昨日、料理の食材に鶏むね肉を使うと書いたが、むね肉はササミやもも肉よりも値段が一般的に安いし、実は、バテやすい体によい成分が他の部位に比較して一番豊富にあるのだという。
小生がむね肉を使うのは、主にアドボを作る時だ。アドボっていうのは、フィリピンの代表的国民料理の名で、アドボ(Adobo)という言葉は「煮物」という意味だ。だから、鶏肉のアドボは正確にはアドボン・マノック(チキン・アドボ)、これが豚肉だとアドボン・バーボイとなる。酢や醤油、ニンニクを利かせた「煮込み」料理なのだ。

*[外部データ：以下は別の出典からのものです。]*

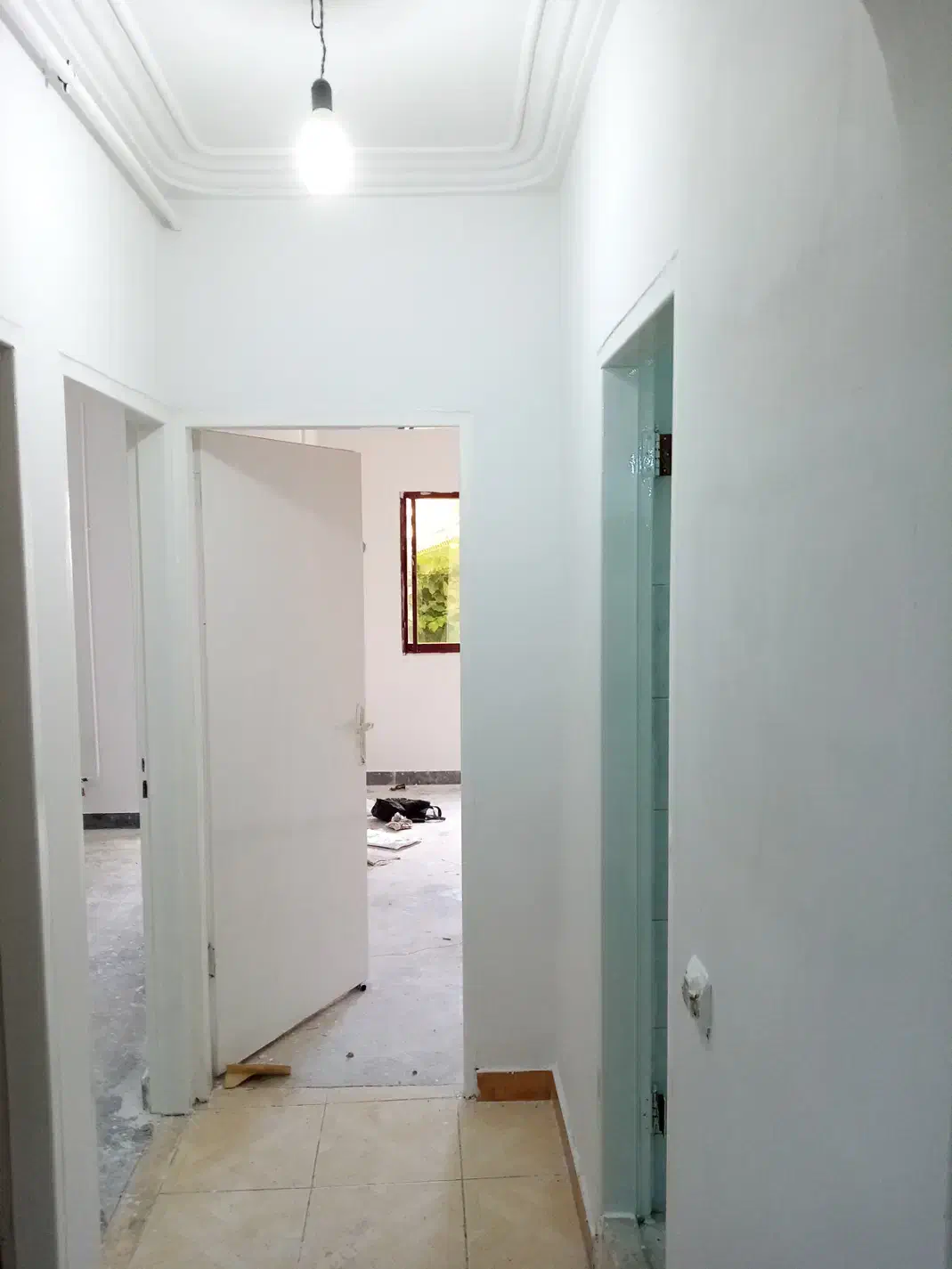 رنگ آمیزی و نقاشی ساختمان با دستگاه ایرلس|خدمات پیشه و مهارت|رشت, معلم|دیوار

フィリピンは東南アジアにあるので、多くの日本人はタイやインドネシアのように香辛料の効いたスパイシーな辛い料理が多いと思いがちだ。しかし、実は、辛い料理はほんの一部の地方にしかないのだ(ルソン島の南端のほそい半島にあるビコール地方のビコール・エクスプレスという唐辛子の効いた料理だ。辛くて急行列車のように走り回るからだろうか)。それどころか、どちらかというと沖縄や日本のように、塩、しょうゆ、魚醤などで味付けした親しみやすい味なのである。それに、日本人は魚や米食が日本人の特権のよう言うが、フィリピンの人のほうが魚や米をより多く食べていると思う。地理的に九州の下は沖縄、沖縄のすぐ下は台湾、そして台湾のすぐ下がフィリピンであることからも、なぜか頷けるというものだ。

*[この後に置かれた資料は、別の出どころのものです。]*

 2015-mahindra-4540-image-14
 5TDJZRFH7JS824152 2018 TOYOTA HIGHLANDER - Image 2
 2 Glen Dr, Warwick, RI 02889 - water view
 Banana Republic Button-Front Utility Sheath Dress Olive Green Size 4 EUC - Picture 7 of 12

さて、なぜ小生がアドボを知っているかというと、実はもう10年以上前になるが、仕事で通算5年ほど首都メトロ・マニラに住んでいたことがあるからなのだ。日本より気温の高いフィリピンでは、いつも小生は酸っぱいものを食べたくなる傾向にあった。日本に帰ってからも夏はそうだ。酢豚をよく食べていた。酢は爽やかな口当たりだし、夏の疲れた体が食べてくれと要求してくるのだ、なぜか。

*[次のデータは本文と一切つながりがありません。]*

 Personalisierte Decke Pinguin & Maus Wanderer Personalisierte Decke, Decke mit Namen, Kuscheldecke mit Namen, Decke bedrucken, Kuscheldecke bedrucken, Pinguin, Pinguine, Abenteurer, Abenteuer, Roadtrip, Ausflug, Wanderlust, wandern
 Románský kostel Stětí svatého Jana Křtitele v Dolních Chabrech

フィリピンのアドボは、ニンニクと油で手羽先肉を炒めたあと、玉ねぎを加えて炒め、それに酢と醤油とコショウを加え、水分が飛びやや粘りが出るまで煮込む。野菜はあまり入らない(フィリピンは今でも野菜がべらぼうに高い。庶民はビタミン類は豊富な果物類で摂るほうが経済的なのだ)。
日本での小生は、野菜をたっぷり加える。玉ねぎの他に、ニンジン、きのこ、枝豆、ミックスベジタブル、オクラ、ナス、じゃがいも、さやいんげん、刻みネギなども入れる。
それにゆで卵は絶対に入れる(味が染みて、タラガン マサラップ ナマ~ン。本当においしいのだ~)!!
味付けは、酢と醤油がフィリピンのものと違うので、それらに顆粒ダシと砂糖を加えて味を調整する。もちろん、にんにくはたっぷり入れるし、それ以上に黒コショウを入れると風味が増すのだ。
もともとスペイン料理のアドバード(肉の漬け焼き)が起源だ。
できたアドボは、平皿に白米(あるいはガーリックダイス)といっしょにのせて、ごはんと少しずつ混ぜながら食べるのがいい。
もちろん小生は白米は食べないので、その代わりにやはり豆腐をのせるのであった(嬉)。
どなたか、ぜひ一度作ってみて、感想でも聞かせてくださいネ。
左の丸いものがゆで卵。上の白いものは、白米代わりの豆腐。